Moreover, head-on collisions will prove to be the ruination of all the means and resources used so profitably into the peaceful sphere. All such moves, in the words of the Qur'an, will amount to "committing evil in the land’ (2:205). Measures of this nature, far from being Islamic activities, are little better than crimes.

It must be stressed that the political system of Islam invariably establishes itself by the consent of the public rather than by force; coercion is neither possible nor desirable.

In every Muslim country, there is a constitution and a legal system. This constitution and set of laws distinguish between what is lawful and what is unlawful. Whenever a Muslim enters a country, he becomes subject to its legal system. So that between that Muslim and the country of his adoption, there must be a tacit agreement that he will abide by the system of the country in letter and spirit. Under no circumstances will he violate it, either overtly or covertly. 

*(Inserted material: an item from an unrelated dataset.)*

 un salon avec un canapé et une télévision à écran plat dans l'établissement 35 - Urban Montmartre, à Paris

Muslims residing in a non-Muslim country have only one of two options-either they live there in total obedience to the law of the land, or, in the case of disagreement, they leave the country without public protest or demonstration. The third option, remaining in residence there, but flouting the law is non-Islamic conduct and legally untenable. Those who favor this third alternative are criminals according to Islamic principles, and will certainly merit God's punishment in the Hereafter. If, as a result of legal infringement, a clash with the system ensues, this will not fall into the category of defence, but will be considered a criminal act. In such matters, the Shari'ah ordains that Muslims end the conflict by unilateral surrender, rather than call it defense and continue to combat the system.
In short, true Islamic activism is only that which is achieved through da'wah and carried out in the names da'wah.

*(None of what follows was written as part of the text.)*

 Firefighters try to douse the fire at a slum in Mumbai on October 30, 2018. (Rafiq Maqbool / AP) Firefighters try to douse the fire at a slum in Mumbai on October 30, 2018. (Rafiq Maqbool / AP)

The only struggle, which deserves divine succor, is one, which is peaceful and conducted in true da'wah style. No struggle carried on in any other manner can be crowned with success in this world of God, even if it goes by the name of Islamic, or Qur'anic activism.
According to the Qur'an, the true mission of Muslims is to be witnesses to the truth. Those who rise to this task will be entitled to divine succour. When God Himself has linked success and succor to da'wah and bearing testimony, how can the Islamic mission be achieved in any other way? It must be remembered that God comes to the assistance of those who tread the path of God-a unique path of struggle based on the principle of da'wah.

If an individual feels that the system of an established government is not to his liking, and he does not even want to engage in peaceful da'wah work, he may opt, in the light of the Shar'iah, not for jihad but for hijrah-emigration. It is impermissible for him to make his dislike for the system an excuse for attacking it. What he must do instead is separate himself, as far as possible, from that system. 

There are two forms of this separation or Hijrah. One is emigration in terms of leaving the place. The other is emigration in terms of moving from one arena to another. The latter entails removing oneself from the field of politics and committing oneself to non-political pursuits, while the former means leaving the country altogether and settling elsewhere.